_AIM OF THE TASK:_
Transcribe each entry in full, and leave the images out.

****

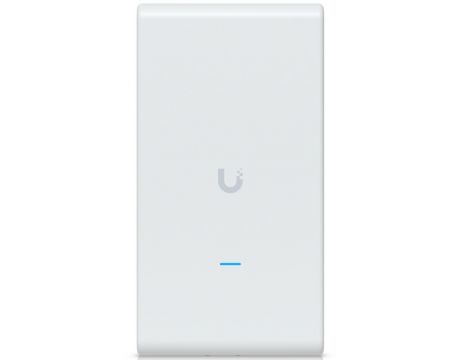 Ubiquiti U6 Mesh Pro на супер цени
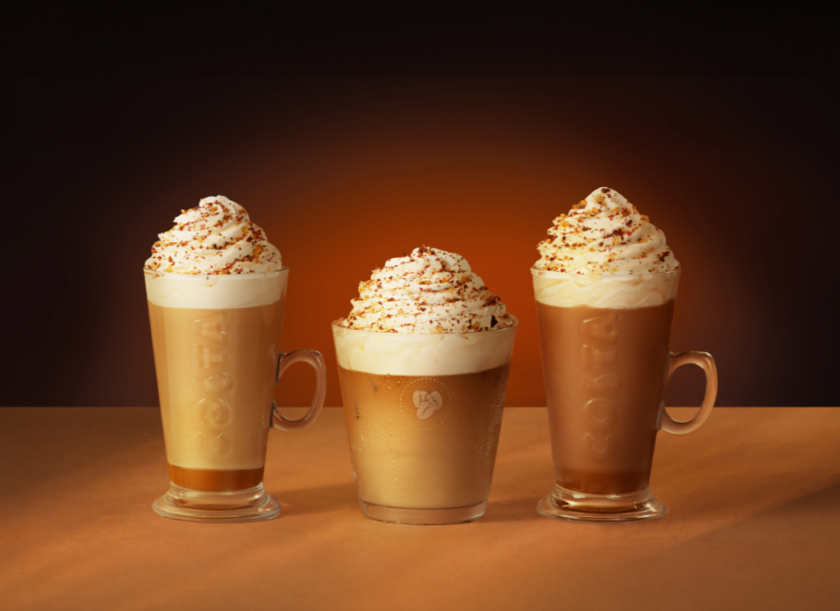 Costa
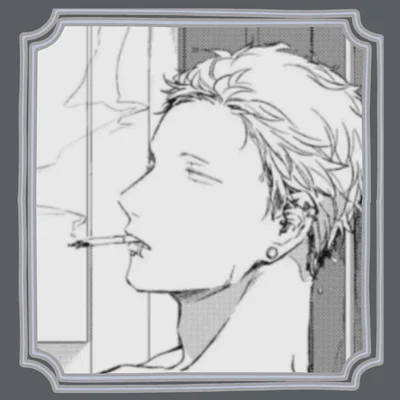 Akihiko Kaji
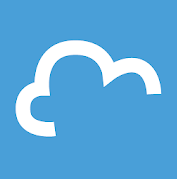 Logo Silvasoft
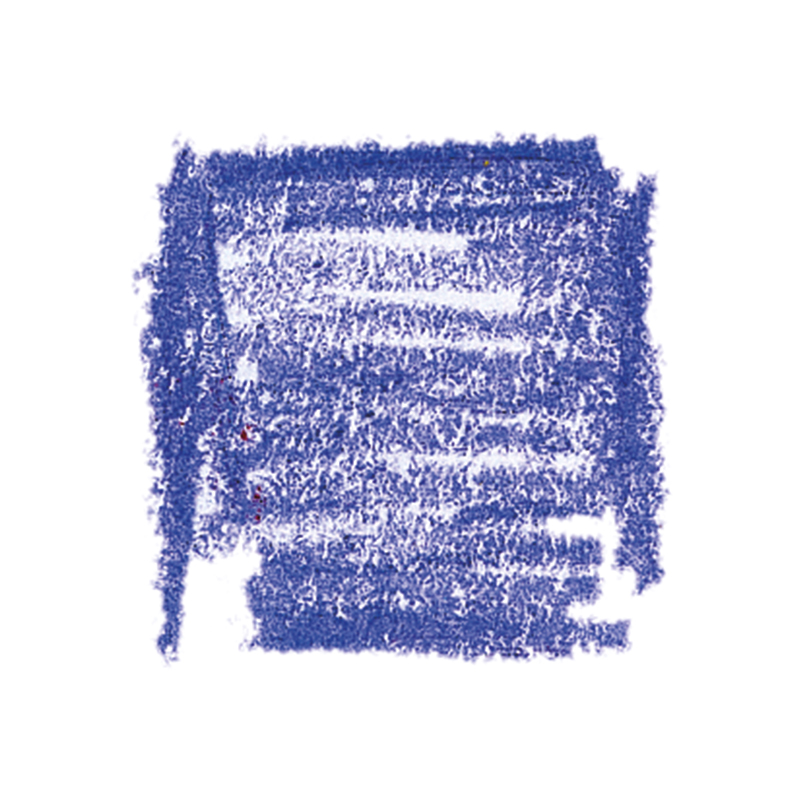 Lyra Rembrandt Aquarellpennor - en färg -12 pennor - färg: violett ljus image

****

_WRITTEN ANSWER:_
 Ubiquiti U6 Mesh Pro на супер цени
 Costa
 Akihiko Kaji
 Logo Silvasoft
 Lyra Rembrandt Aquarellpennor - en färg -12 pennor - färg: violett ljus image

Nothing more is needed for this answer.